For one of the most challenging and critically important roles in city government, Lurie selected a person who has no understanding of government and had previously evinced no interest in local politics. She was, in fact, the only supervisor appointee in at least the last 30 years to come with zero experience in either government or politics. Alcaraz’s first hire as an aide was not a deeply experienced wrangler of government to hoist her up a legislative mountain — someone like Mike Farrah, Bill Barnes, Sunny Angulo or Jen Low — but a city staffer who formerly produced videos for the mayor’s office. 

This is unfortunate. This indicates a belief on the part of the mayor and his appointee that the purpose of government is not to do things but just to sell them. 

At a press conference on Friday, Mayor Daniel Lurie was contrite. He took responsibility for this strange and terrible saga.
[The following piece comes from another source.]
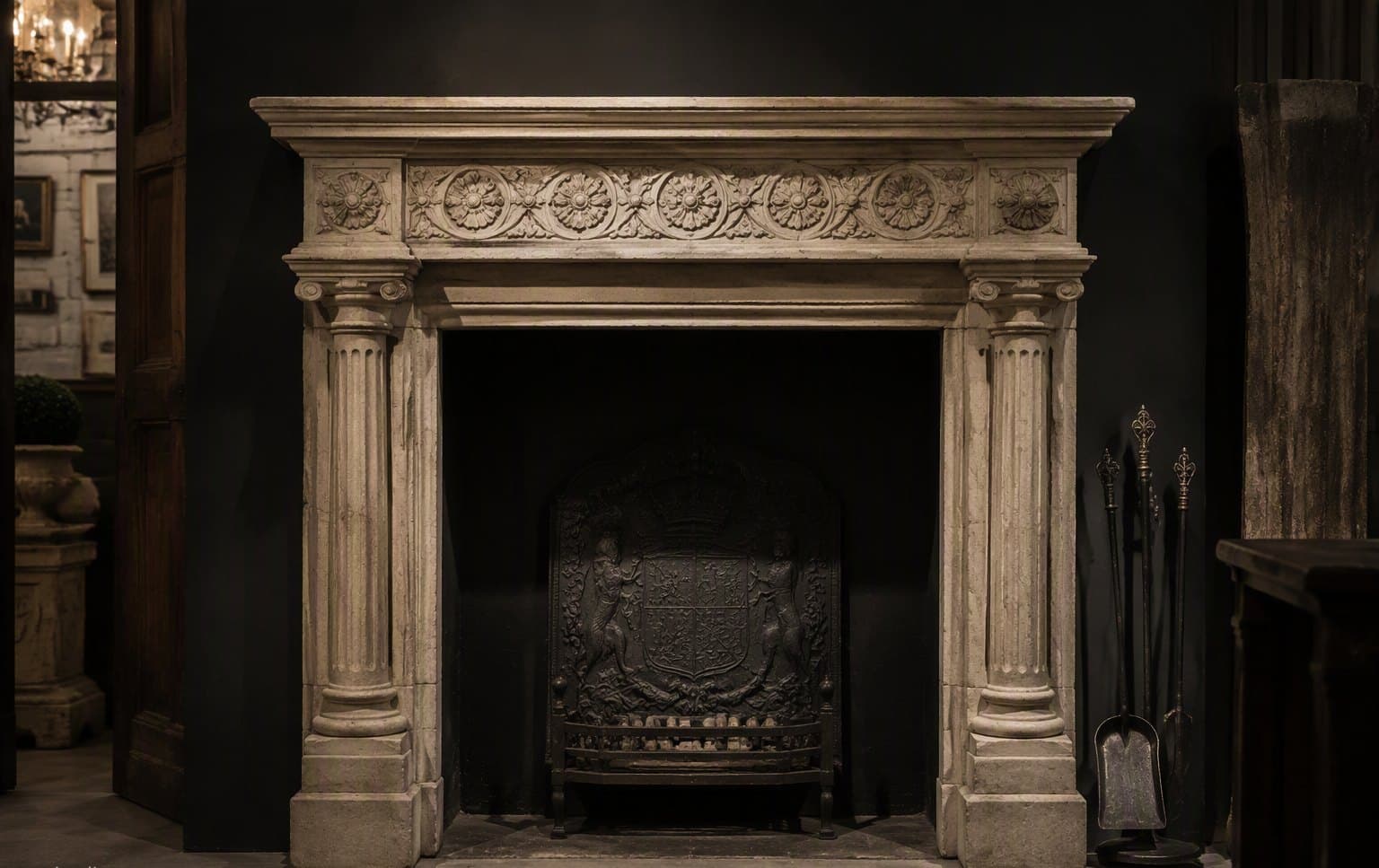 A carved Georgian stone fireplace in the showroom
“This is not the first time I’ve done something wrong; it won’t be the last,” he said. “But what I commit to the people of San Francisco is: I’m going to learn from this. We are going to thoroughly review our vetting process and we will get better. But let me be clear that this rests on my shoulders.”

These are the right things to say, but, unfortunately, they came after the wrong things to do: A catastrophic lapse in oversight and the wholly avoidable public humiliation of a 29-year-old woman. 

Sad but true: You never get a second chance to make a first impression.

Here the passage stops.